Kraken Names Chief Scientist

Kraken Robotics Systems has appointed Dr. Jeremy Dillon as the company’s chief scientist.

As an original member of Kraken’s Synthetic Aperture Sonar (SAS) team, Dillon developed the signal processing algorithms for the AquaPix SAS imaging and bathymetry software.

He also invented Kraken’s AquaTrak Correlation Velocity Log, participated in numerous sea trials and was the principal investigator for a multi-year DRDC funded project on repeat-pass interferometry.

“It gives me great pleasure to welcome Jeremy back to the Kraken team,” said Karl Kenny, president and CEO of Kraken. “His scientific and technical achievements speak for themselves, and I have great confidence that he will further strengthen our ability to lead the market in advanced acoustic sensors and underwater robotics.”
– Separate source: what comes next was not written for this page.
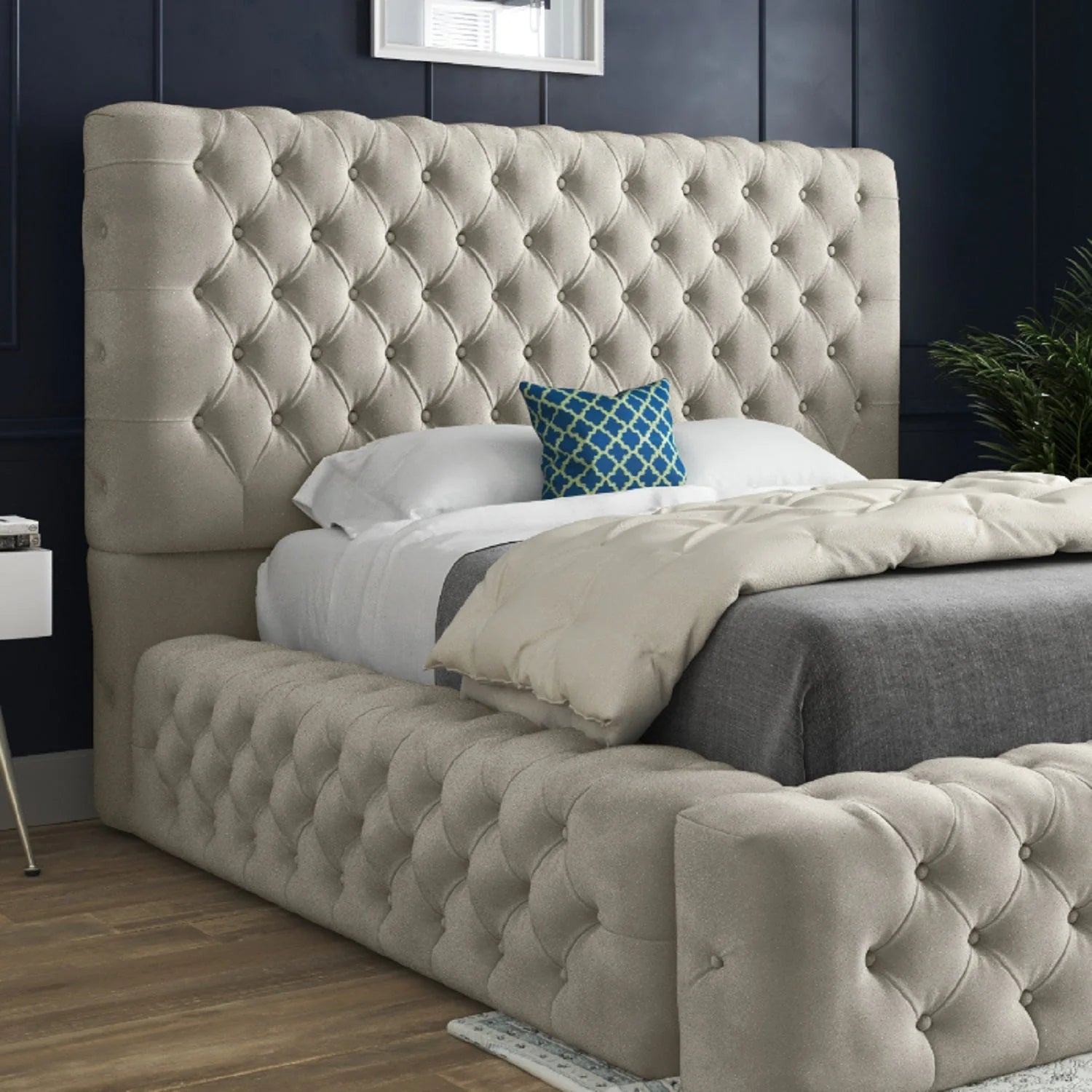 Charlotte Milan Pleated Upholstery Bed Frame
Previously Dr. Dillon was a control systems engineer at Honeywell Aerospace, a flight test instrumentation engineer at Canada’s National Research Council (NRC) Flight Research Laboratory and a research officer in guidance, navigation and control at NRC.

Dr. Dillon continues to have strong interests in acoustics, synthetic aperture imaging, GPU-accelerated computing, underwater navigation and vehicle control systems. His upcoming work will apply machine learning to further improve seabed imagery and to automatically recognize targets and other objects of interest on the seabed.